↓↓↓
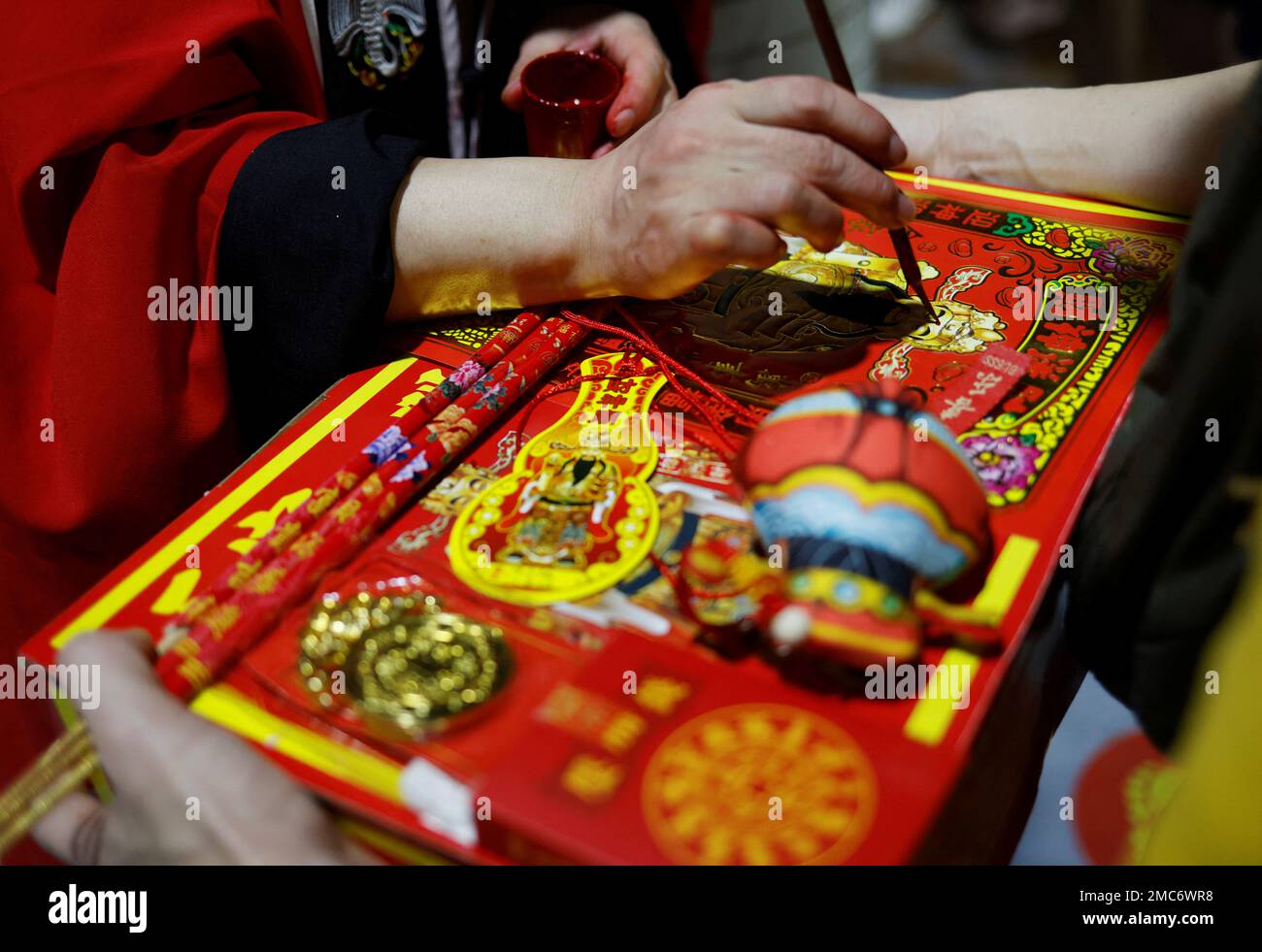 Una sacerdotisa marca las ofrendas de un devoto durante una ceremonia para dar la bienvenida al Dios de la Riqueza en un templo en la víspera del Año Nuevo Lunar en Singapur el 21 de enero de 2023. REUTERS/Edgar Su Foto de stock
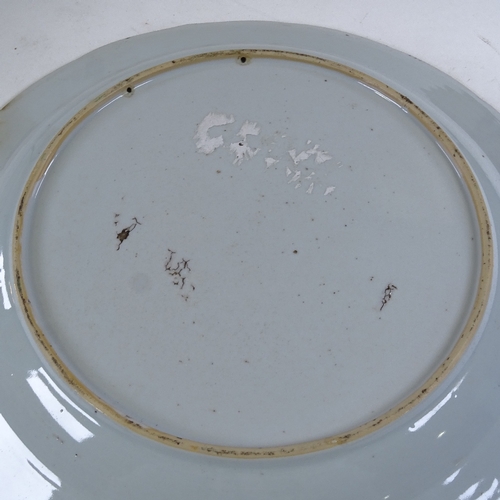 240 - A Chinese white glaze porcelain charger, with painted enamel flowers, diameter 38cm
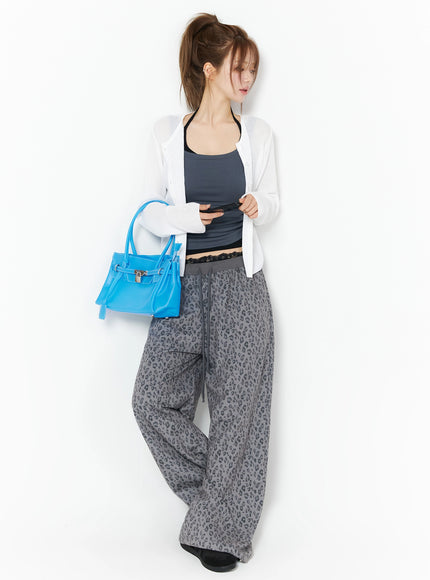 Lightweight Knit Cardigan IU525 White full-body front shot on model with high ponytail holding blue bag and phone, sheer ribbed knit open cardigan styled with leopard pants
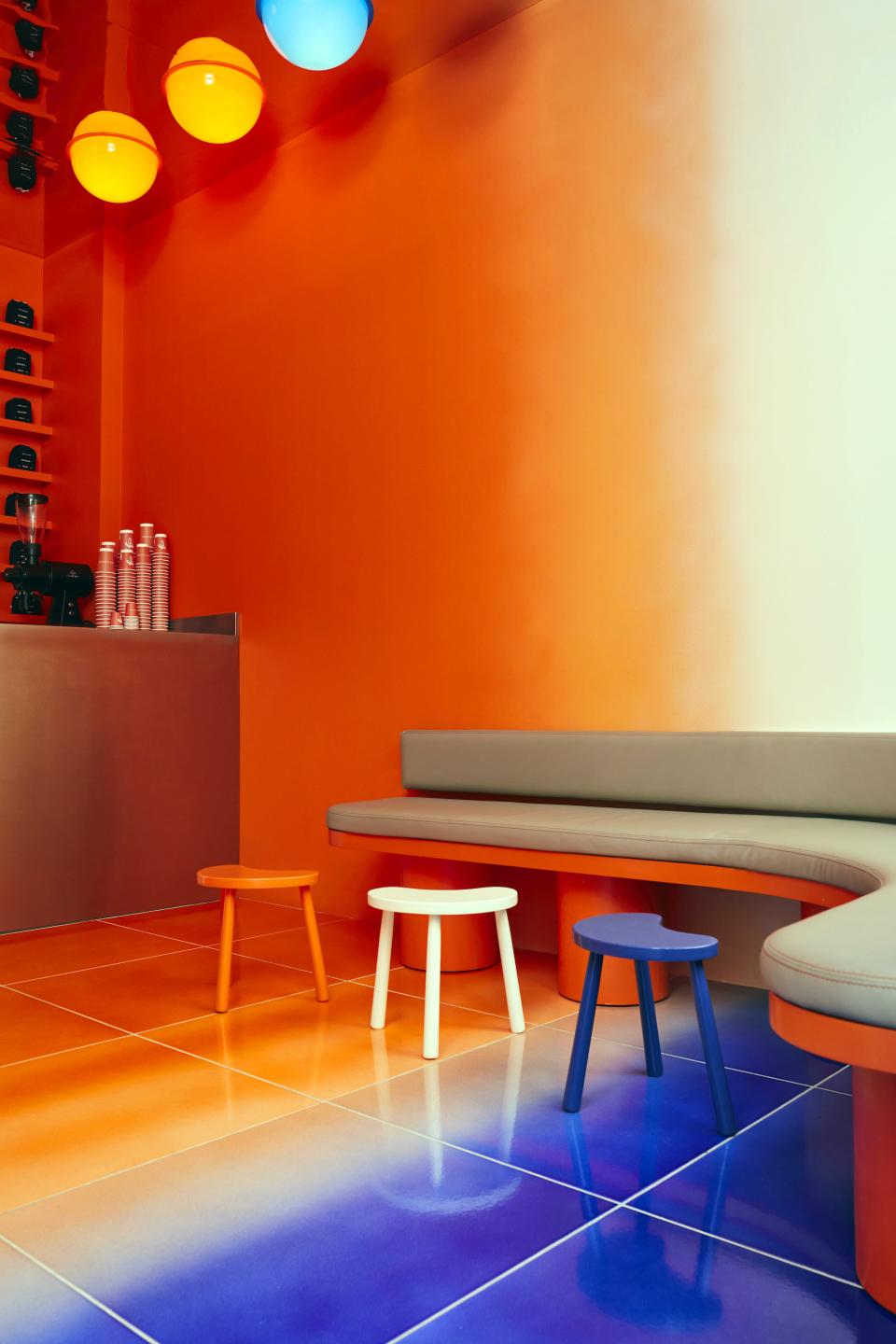 Colorful interior design of Café Nuances featuring vibrant orange walls, unique stools, and a gradient floor, highlighting a psychedelic theme.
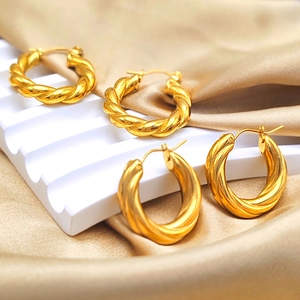 Detail showing gold plated stainless steel twisted hoop earrings on satin fabric
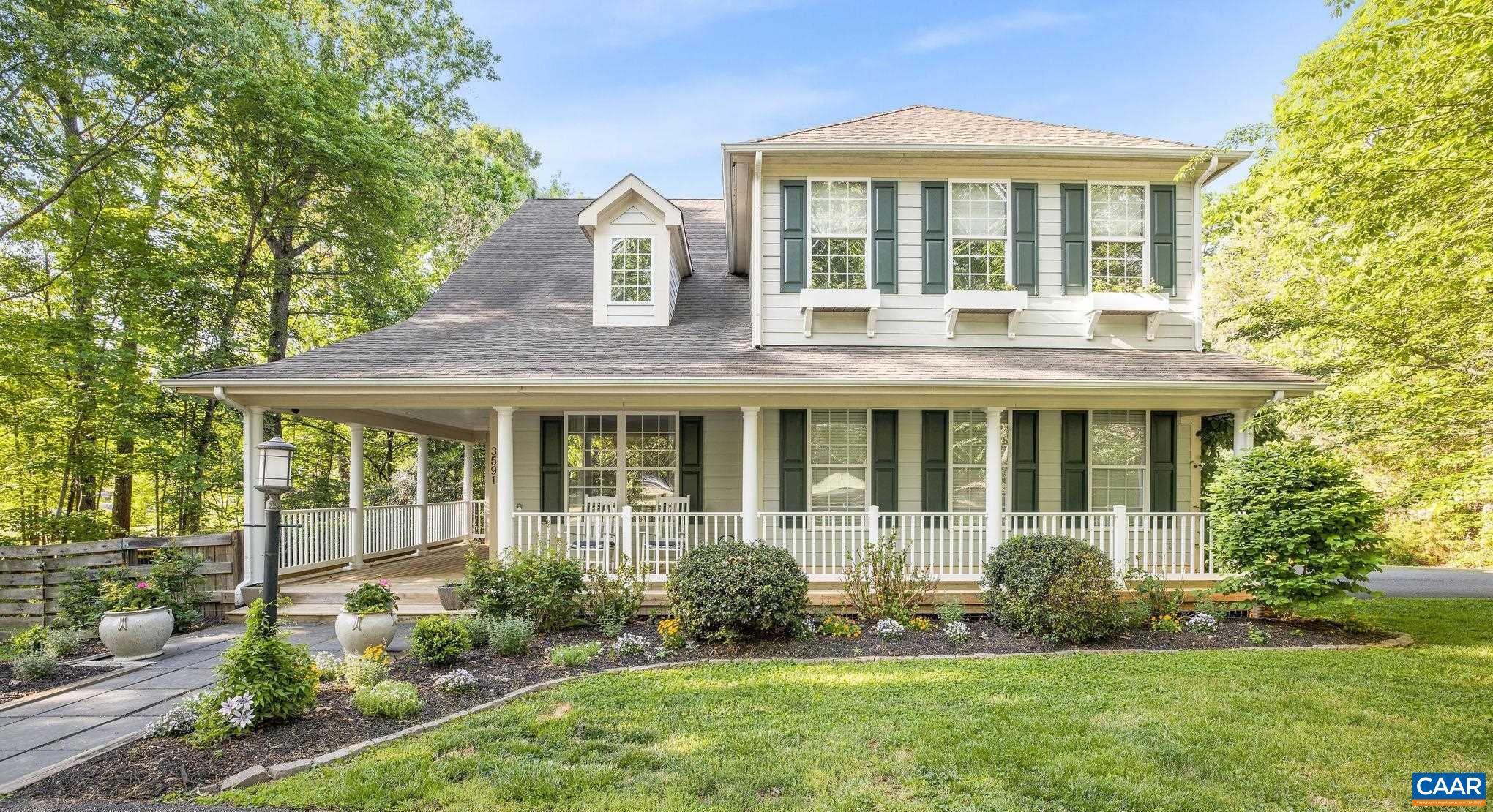 This cheerful Western Albemarle 5 bedroom was built by a respected local builder in 2003. The current owner has further improved the home with extensive recent renovations including a new kitchen and primary bath, as well as by adding a 5th bedroom/guest suite on the terrace level.  The lower level features a playroom complete with built-in playhouse and slide.  All appliances are 4 years old or younger (dishwasher is brand new) and there is new flooring on the 1st and 2nd floors. The floor plan is light, bright and open, with soaring ceilings on the 1st floor. The laundry room is conveniently located on the 2nd floor.  Outdoor spaces include a wonderful covered rear porch, patio with pavers and a firepit.  The 2nd floor HVAC system is new.  Located about 10 minutes west of Barracks Road shopping and about 8 minutes to Ivy Elementary School.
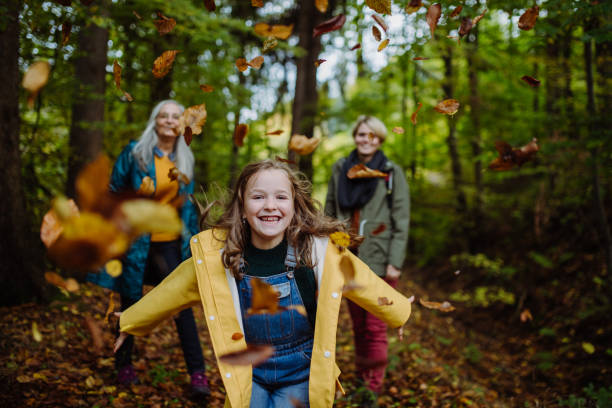 счастливая маленькая девочка бегает и бросает листья во время осенней прогулки с мамой и бабушкой в лесу - action women beginnings autumn стоковые фото и изображения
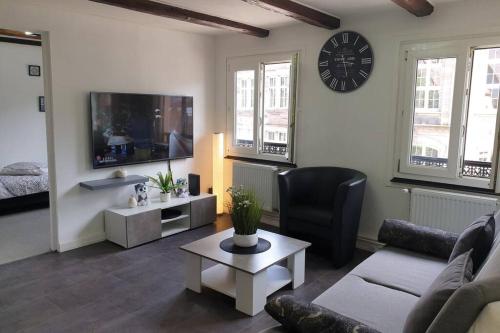 a living room with a couch and a table at - 2 - Très Bel Appart Charmant et Moderne 5Pers T3 73m2 in Sélestat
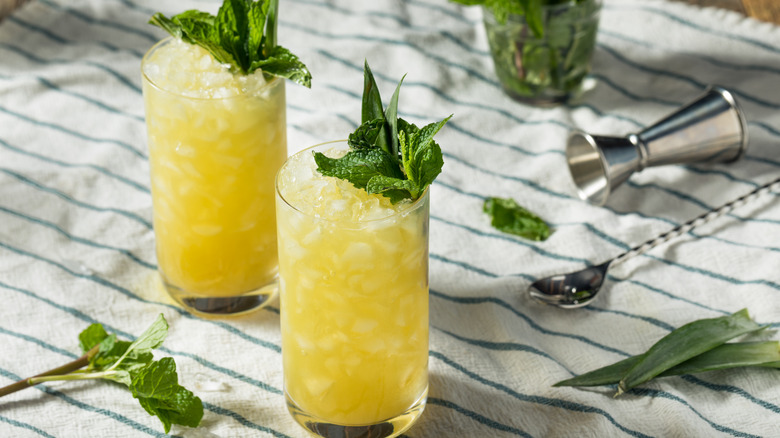 Chartreuse Swizzle cocktails on table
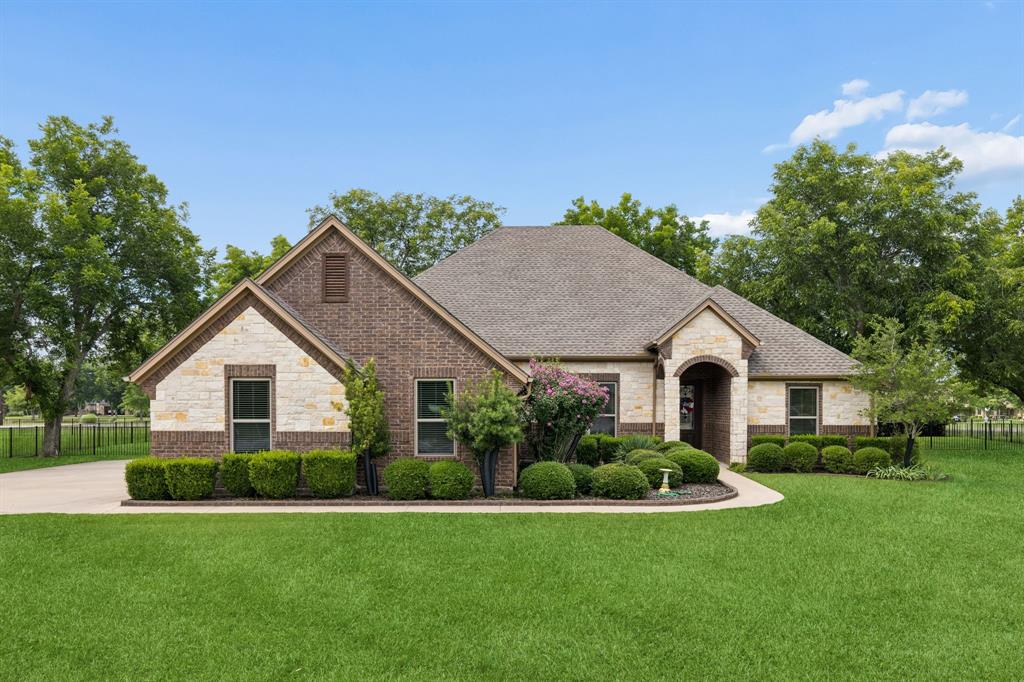 Located in the Orchard section of Pecan Plantation in Granbury Texas in Hood County & zoned to Granbury ISD, this 4 bedroom, 2 full bathroom custom home offers approximately 2,361 sqft of single story living on a landscaped 0.59 acre lot shaded by mature pecan trees. The location provides convenient access to Historic Downtown Granbury, Lake Granbury, shopping, dining & recreation while enjoying one of North Texas' premier gated golf course communities near Lake Granbury. Buyers exploring homes in Pecan Plantation in Granbury Texas may appreciate the combination of privacy, mature landscaping, golf cart accessibility, resort-style amenities & an active lifestyle centered around golf, lake recreation & community events. If you are searching for 4 bedroom homes in Granbury Texas within Granbury ISD, the layout offers an open design with engineered wood flooring, crown molding, custom cabinetry, natural light & a spacious living area anchored by an Austin stone gas fireplace. The kitchen features granite countertops, center island, gas cooktop, electric oven, pantry & generous cabinet storage. The primary suite includes dual vanities, garden tub, separate shower & a large walk-in closet with utility room access. The fourth bedroom provides flexibility for guests or a dedicated office. Recent improvements include a Class 4 impact-resistant roof, replacement windows, updated HVAC system, water heater, gutter guards & spray foam insulation. Outdoor living includes a covered patio, patio extension, custom pergola, iron fencing, sprinkler system & privacy hedges creating a peaceful outdoor setting. The oversized garage includes dedicated golf cart storage, and residents enjoy access to golf, marina access, pools, tennis, pickleball, parks, trails, clubhouse dining, equestrian facilities & 24-hour gated security. This property offers a strong combination of updates, outdoor living & lifestyle amenities within the Granbury Texas market.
↑↑↑
Exercise goal> Omit every picture, and please return the entries exactly from the first line through the line with "Detail showing gold", both included.

Answer space>
 Una sacerdotisa marca las ofrendas de un devoto durante una ceremonia para dar la bienvenida al Dios de la Riqueza en un templo en la víspera del Año Nuevo Lunar en Singapur el 21 de enero de 2023. REUTERS/Edgar Su Foto de stock
 240 - A Chinese white glaze porcelain charger, with painted enamel flowers, diameter 38cm
 Lightweight Knit Cardigan IU525 White full-body front shot on model with high ponytail holding blue bag and phone, sheer ribbed knit open cardigan styled with leopard pants
 Colorful interior design of Café Nuances featuring vibrant orange walls, unique stools, and a gradient floor, highlighting a psychedelic theme.
 Detail showing gold plated stainless steel twisted hoop earrings on satin fabric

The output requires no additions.